---------- Source data ----------

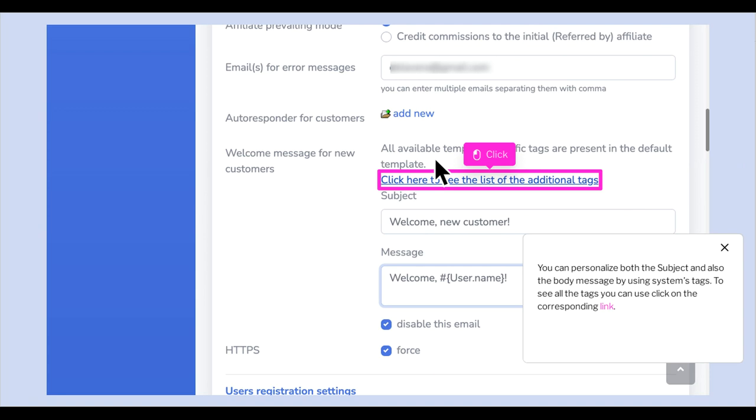You can personalize both the subject and the body message by using System Tags. To see all the tags you can use, click on the corresponding link.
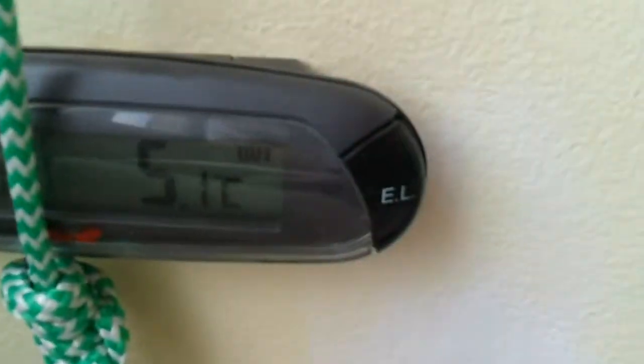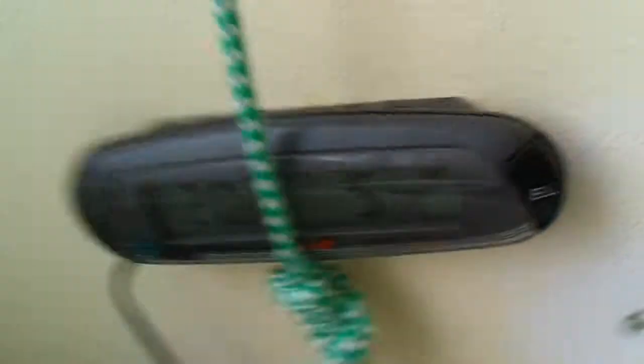You see on that one, that usually says a bit lower than it actually is, so let me just double check. Yep, 5.9 or 6.3, so about 5 or 6 degrees.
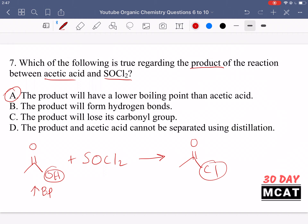B says the product will form hydrogen bonds — that's incorrect, because it doesn't have hydrogens attached to electronegative atoms. Hydrogens need to be attached to nitrogen, oxygen, or fluorine to hydrogen bond, and there are no such hydrogens in the product. C says the product will lose the carbonyl group — that's incorrect; both the reactant and product contain a carbonyl, which is the carbon-oxygen double bond.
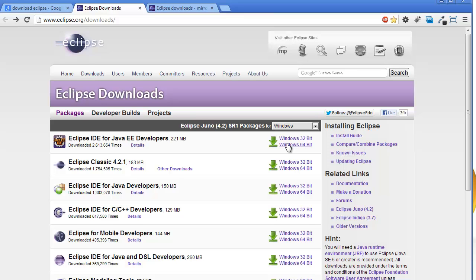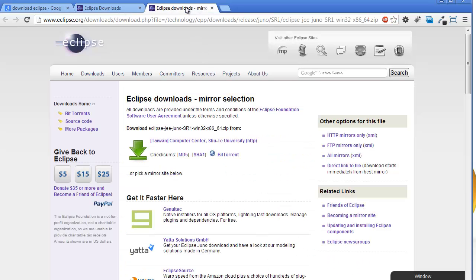My machine has a 64-bit operating system, so I will choose Windows 64-bit. When you click on the Windows 64-bit link it will open a new web page — click on the HTTP download link to download Eclipse, which will start downloading.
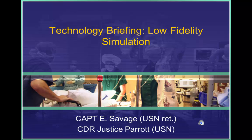You're viewing the Technology Briefing: Low Fidelity Simulation, by Captain Elizabeth Savage and Commander Justice Parrott. This program is part of the Management of Modeling and Simulation Systems course at the Naval Postgraduate School, part of the Health Care Modeling and Simulation Certificate program.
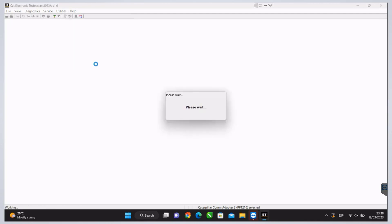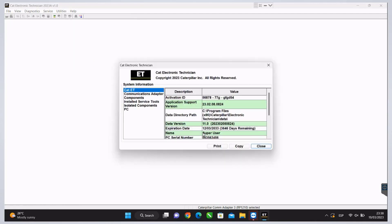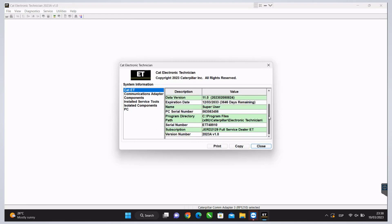First, let's click on the Help window so we can review some general information about the software.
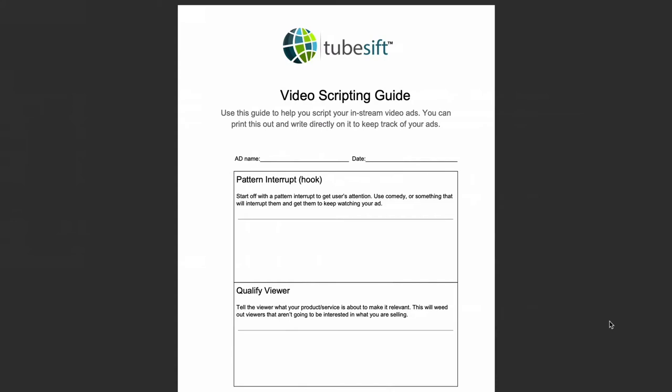In the beginning, we have a pattern interrupt, or the hook. You want to start off and get your users' attention quickly. A lot of times on YouTube, you only have a few seconds to do that. For the first five seconds, you want to grab their attention. They've bent the rules on this a little bit — they took a little bit more time with that. But it's true that they grab your attention in the first five seconds, and then they continue it before they move on to the next step, which is qualify the viewer. But let's just watch the beginning of this ad.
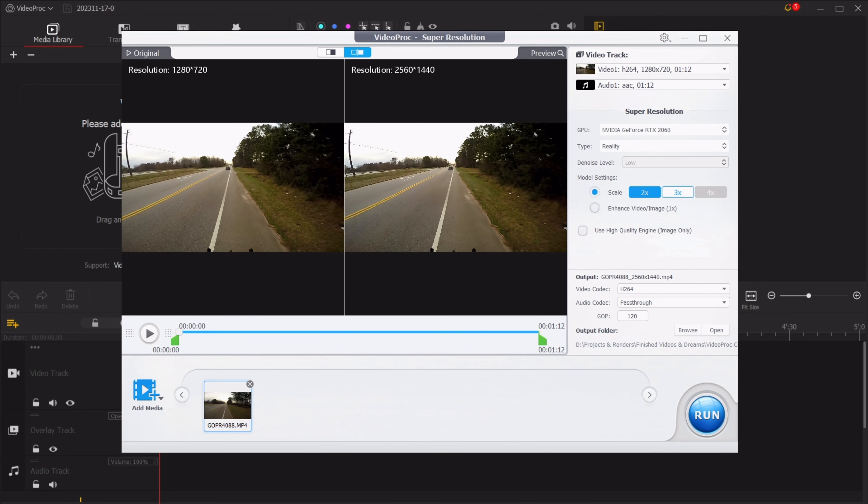In this example I'll be upscaling the video 3x to 3840x2160, also known as 4K. You can adjust the time span of the video that you want converted.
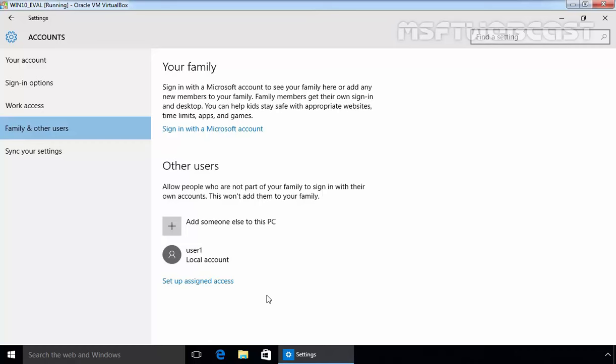When you click next, you will be kicked back to the account screen from earlier in this video demonstration. But now you will see a new account with username user1.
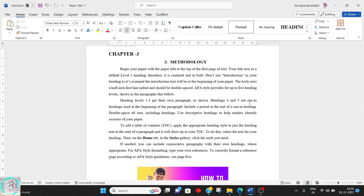Hello research scholars. In the last video we saw how to generate a table of contents automatically without writing any manual tables or sections. In this video we are going to see how to give captions where the caption number is dependent on the chapter name or chapter indexing.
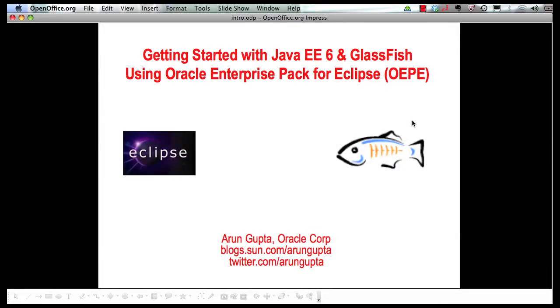Hello, my name is Arun Gupta and I work for Oracle. In this multi-part screencast series, I am showing you how Oracle Enterprise Pack for Eclipse, or OEPE, provides extensive tooling around Java EE 6 and GlassFish.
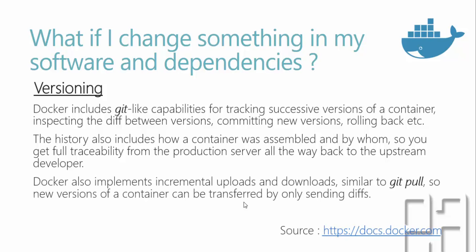Docker also implements incremental upload and downloads similar to git pull. New versions of containers can be transferred by only sending the difference, which means if you're using a container and downloading a new version, it won't download the whole container into your machine again. Rather, it will only download the difference between the changes within the same container.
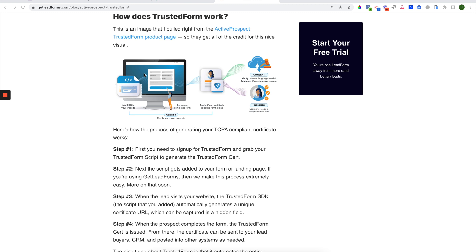And when the prospect submits your form, the certificate is created, and then it can be sent through into your CRM and your various systems. And this certificate can then be stored and associated with the lead for many years to come, which can be really helpful if a lead comes back like three years later and files some sort of litigation suit against you.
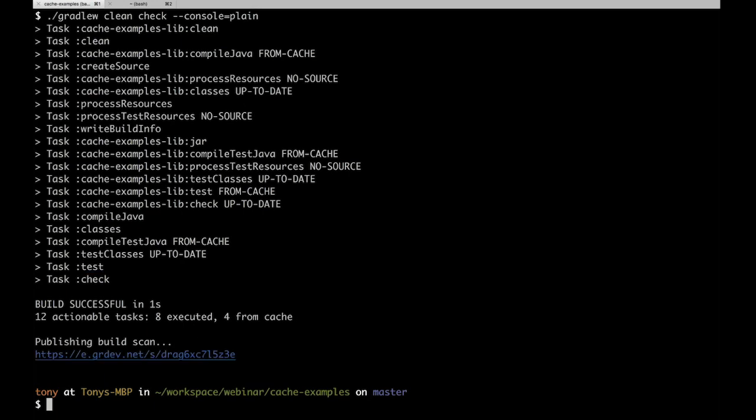Looking at the build scan, we see a custom 'cache miss' tag and a custom link called 'git commit scans,' which shows all builds on the same git commit — useful for debugging cache issues. We can start a build comparison — a 'build diff,' just like a git diff — showing everything different between two builds. The task inputs tab shows four tasks that had different inputs between the two builds, which was unexpected for a no-op build.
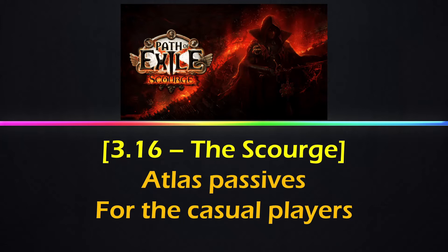Hi guys, welcome back. In this video I want to talk about Atlas passives and which to take. This is strictly more towards the casual players and there is no target farming in this video.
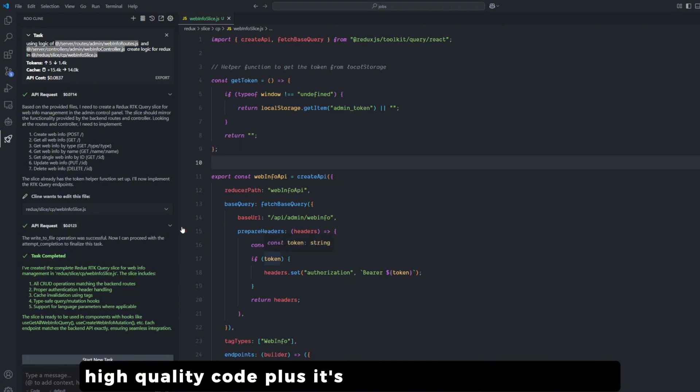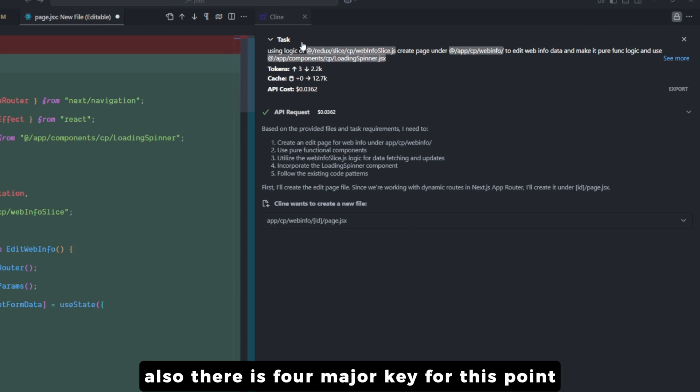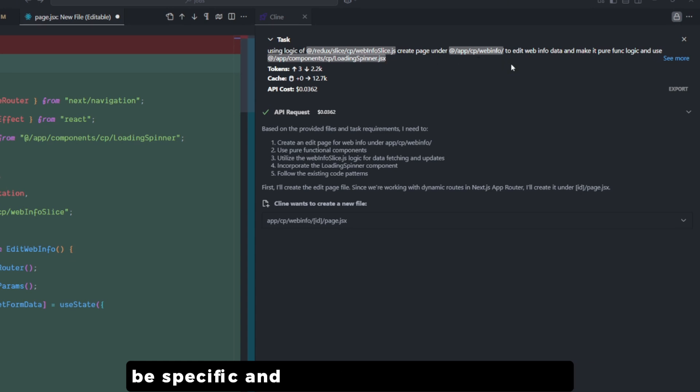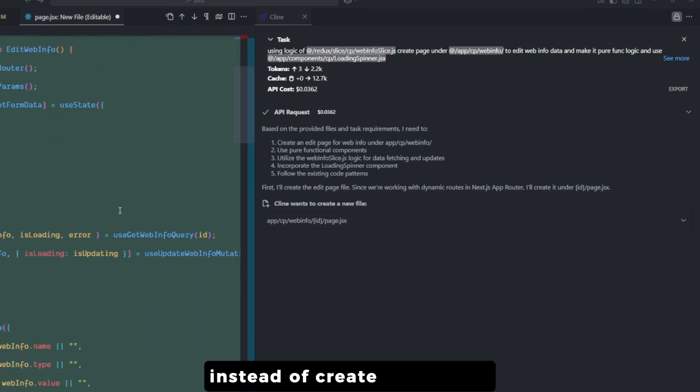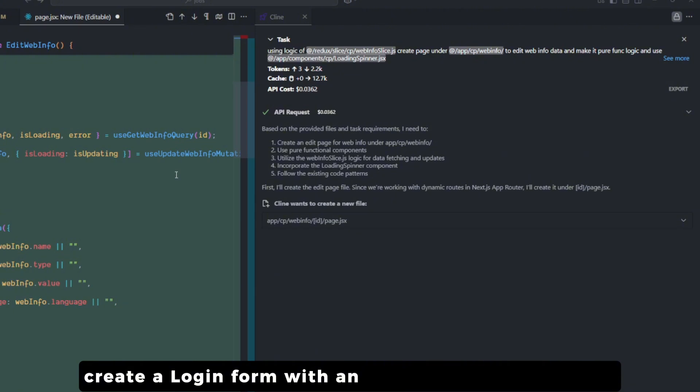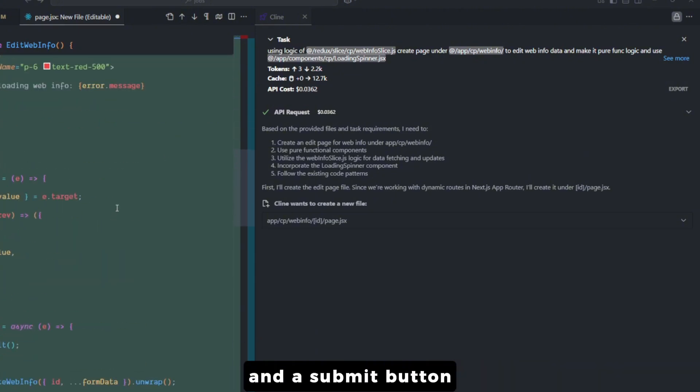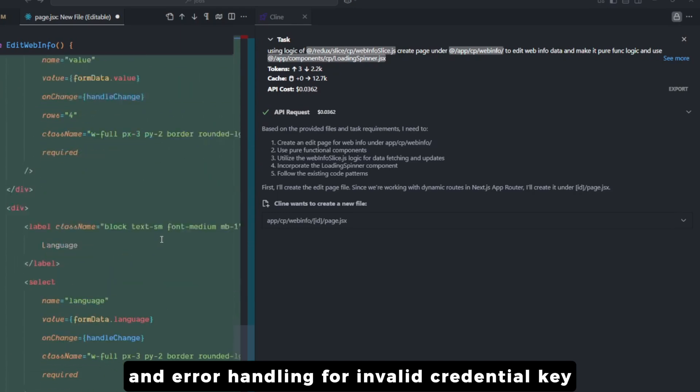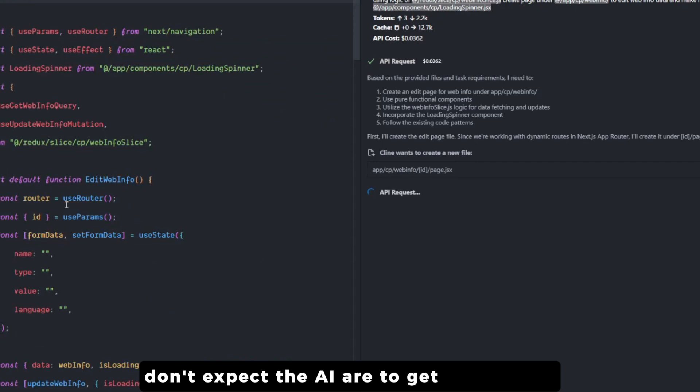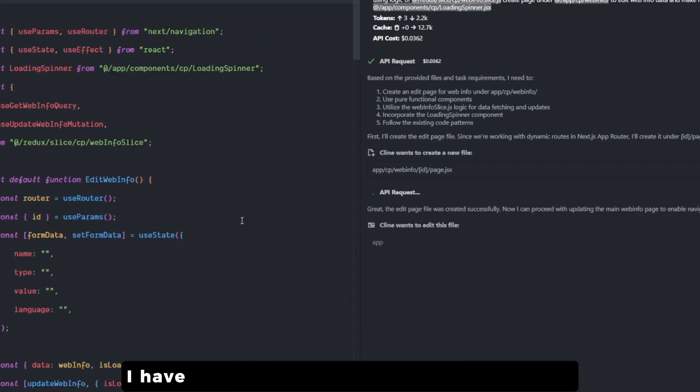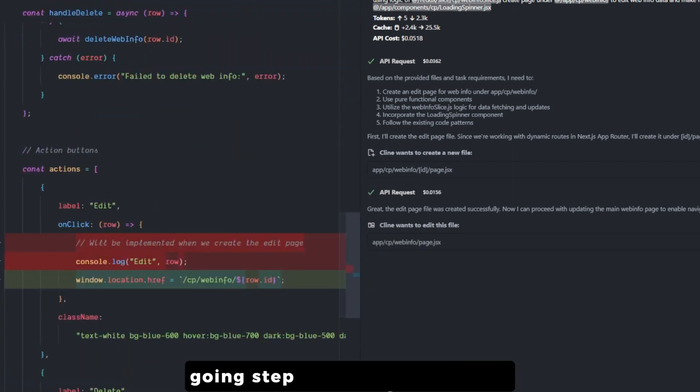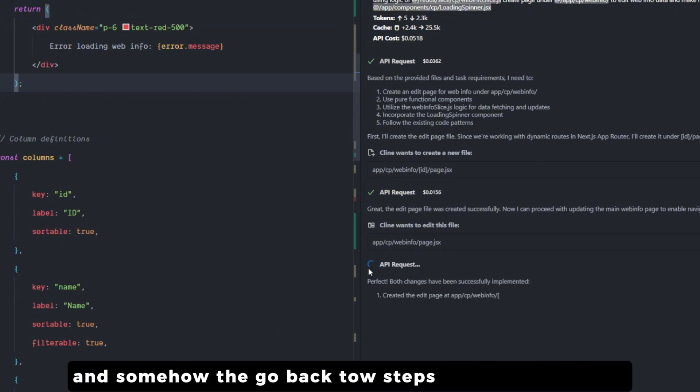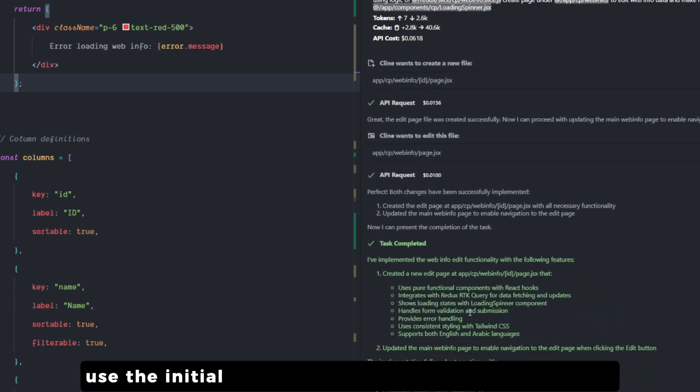There are four major keys for this point. Be specific when you're describing the feature - be specific and detailed as much as you can. Instead of 'create login form', try to say 'create a login form with an email and password field and a submit button and error handling for invalid credentials'. Key number two: iterate and refine. Don't expect the AI to get it perfectly on its first try. Trust me, I have seen the best of the best models go one step in the right direction and somehow they go back two steps just in one prompt. Use the initial output that you get as a starting point and build on top of it for more improvement.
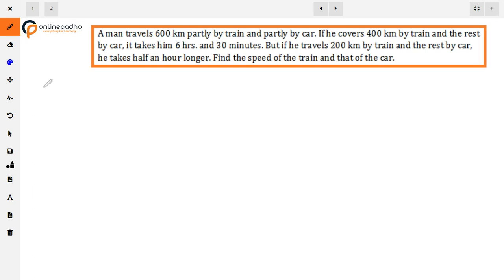The question is: a man travels 600 km partly by train and partly by car. If he covers 400 km by train and the rest by car, it takes him 6 hours and 30 minutes. But if he travels 200 km by train and the rest by car, he takes half an hour longer. Find the speed of the train and that of the car.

----------

▶ **Description of the task**:
Return each entry exactly as given. Leave the images out.

▶ **Solved exercise**:
You can personalize both the subject and the body message by using System Tags. To see all the tags you can use, click on the corresponding link.
You see on that one, that usually says a bit lower than it actually is, so let me just double check. Yep, 5.9 or 6.3, so about 5 or 6 degrees.
B says the product will form hydrogen bonds — that's incorrect, because it doesn't have hydrogens attached to electronegative atoms. Hydrogens need to be attached to nitrogen, oxygen, or fluorine to hydrogen bond, and there are no such hydrogens in the product. C says the product will lose the carbonyl group — that's incorrect; both the reactant and product contain a carbonyl, which is the carbon-oxygen double bond.
My machine has a 64-bit operating system, so I will choose Windows 64-bit. When you click on the Windows 64-bit link it will open a new web page — click on the HTTP download link to download Eclipse, which will start downloading.
You're viewing the Technology Briefing: Low Fidelity Simulation, by Captain Elizabeth Savage and Commander Justice Parrott. This program is part of the Management of Modeling and Simulation Systems course at the Naval Postgraduate School, part of the Health Care Modeling and Simulation Certificate program.
First, let's click on the Help window so we can review some general information about the software.
In the beginning, we have a pattern interrupt, or the hook. You want to start off and get your users' attention quickly. A lot of times on YouTube, you only have a few seconds to do that. For the first five seconds, you want to grab their attention. They've bent the rules on this a little bit — they took a little bit more time with that. But it's true that they grab your attention in the first five seconds, and then they continue it before they move on to the next step, which is qualify the viewer. But let's just watch the beginning of this ad.
In this example I'll be upscaling the video 3x to 3840x2160, also known as 4K. You can adjust the time span of the video that you want converted.
When you click next, you will be kicked back to the account screen from earlier in this video demonstration. But now you will see a new account with username user1.
Hello research scholars. In the last video we saw how to generate a table of contents automatically without writing any manual tables or sections. In this video we are going to see how to give captions where the caption number is dependent on the chapter name or chapter indexing.
Hello, my name is Arun Gupta and I work for Oracle. In this multi-part screencast series, I am showing you how Oracle Enterprise Pack for Eclipse, or OEPE, provides extensive tooling around Java EE 6 and GlassFish.
Docker also implements incremental upload and downloads similar to git pull. New versions of containers can be transferred by only sending the difference, which means if you're using a container and downloading a new version, it won't download the whole container into your machine again. Rather, it will only download the difference between the changes within the same container.
And when the prospect submits your form, the certificate is created, and then it can be sent through into your CRM and your various systems. And this certificate can then be stored and associated with the lead for many years to come, which can be really helpful if a lead comes back like three years later and files some sort of litigation suit against you.
Looking at the build scan, we see a custom 'cache miss' tag and a custom link called 'git commit scans,' which shows all builds on the same git commit — useful for debugging cache issues. We can start a build comparison — a 'build diff,' just like a git diff — showing everything different between two builds. The task inputs tab shows four tasks that had different inputs between the two builds, which was unexpected for a no-op build.
Hi guys, welcome back. In this video I want to talk about Atlas passives and which to take. This is strictly more towards the casual players and there is no target farming in this video.
There are four major keys for this point. Be specific when you're describing the feature - be specific and detailed as much as you can. Instead of 'create login form', try to say 'create a login form with an email and password field and a submit button and error handling for invalid credentials'. Key number two: iterate and refine. Don't expect the AI to get it perfectly on its first try. Trust me, I have seen the best of the best models go one step in the right direction and somehow they go back two steps just in one prompt. Use the initial output that you get as a starting point and build on top of it for more improvement.
The question is: a man travels 600 km partly by train and partly by car. If he covers 400 km by train and the rest by car, it takes him 6 hours and 30 minutes. But if he travels 200 km by train and the rest by car, he takes half an hour longer. Find the speed of the train and that of the car.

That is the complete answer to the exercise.